Mr Erskine says there has been countless sleepless nights in recent months - he is under “severe financial stress” and has had to sell machinery and lay off staff.
Yet he still defends Mr Moore: “I truly believe that if Gavin himself had the money, he would pay me. He’s genuine enough for that.”
He says he wants the resource consent to come through and the project to be a success.
Mr Erskine has had no dealings with Mr Bain.
Mr Moore has confirmed Ross Speakman is working with “the other director”, Mr Bain, but doesn’t “know how the relationship works”.
Mr Speakman has spoken with Crux about the contractors owed money.
He calls one of them “an absolutely atrocious person”, telling Crux we shouldn’t believe anything they say.

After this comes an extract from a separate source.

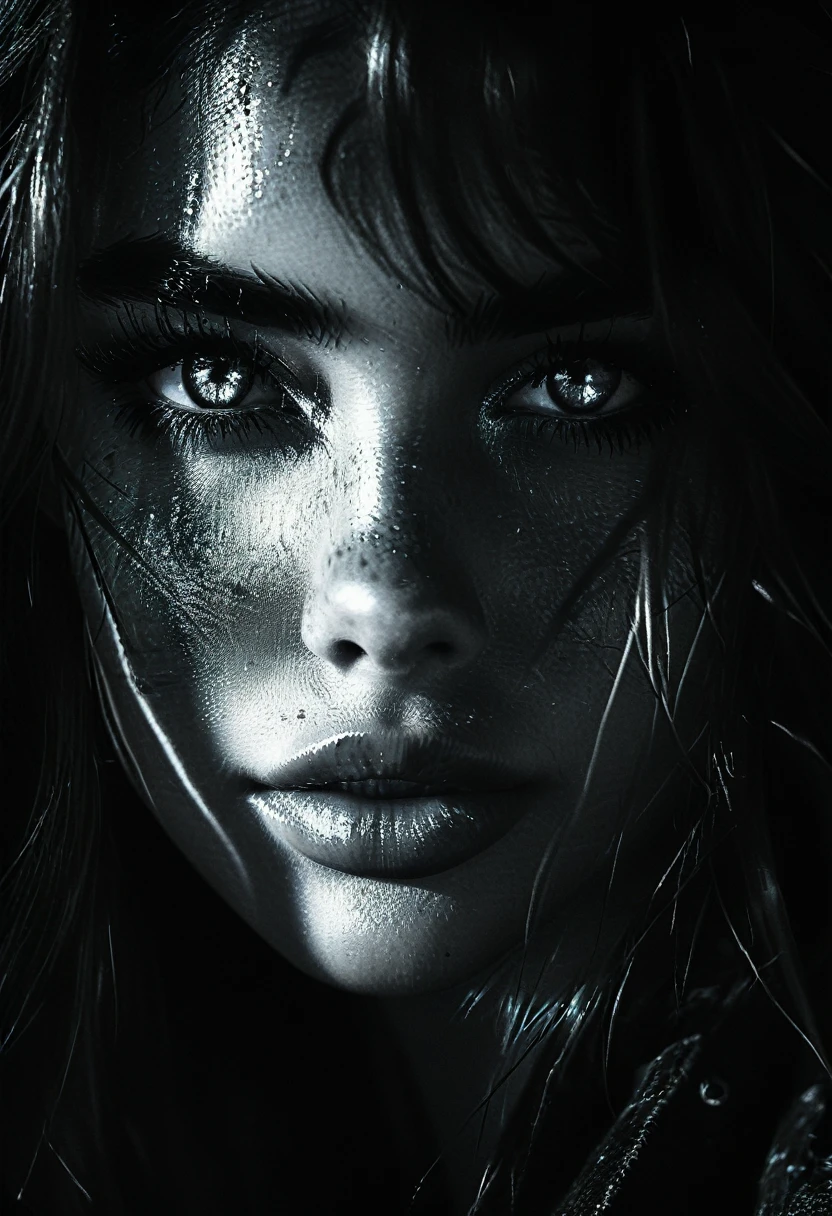 grainy, eerie environment. creepypasta is a scary entity in the form of a girl with very big eyes and a frightening smile... in the style of Elson Peter, Diego Dyer, Peter Mohrbacher, Karol Bak. (focus on 1 full-length frame. focus on 32k hyper hd), (masterpiece , best quality, ultra detail 1.6) (solo, 1 female entity), infused with the essence of the cypherpunk aesthetic.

He shifts the blame for the unpaid bills from the developers to the QLDC and its drawn out resource consent process, saying “the council doesn’t really understand how much power it has”.
That’s the real story, in his view.
“They’ve got everybody’s lives in their hands - they’ve got Mr Moore’s life in their hands, they’ve got Mr Erskine’s life in their hands.”
Apparently, so does Crux, with Mr Speakman saying by publishing any perceived negative story we put the whole project at risk.
“It’s a very, very complex thing...You can write the article. Will it do any good? Probably not. Will it frustrate things? It probably will. Will it help Mr Erskine? Probably not.”
Mr Speakman ends by saying Crux is “treading on big toes”.
At this stage Crux is not sure which set of toes is actually in charge of providing or obtaining further funding for Silver Creek, the Speakman family or David Wallace Bain.
We do know plenty in Queenstown would welcome hundreds of new houses and the Moores seem ideally positioned to deliver them as long as the overdue bills get paid and the council issues the necessary consents.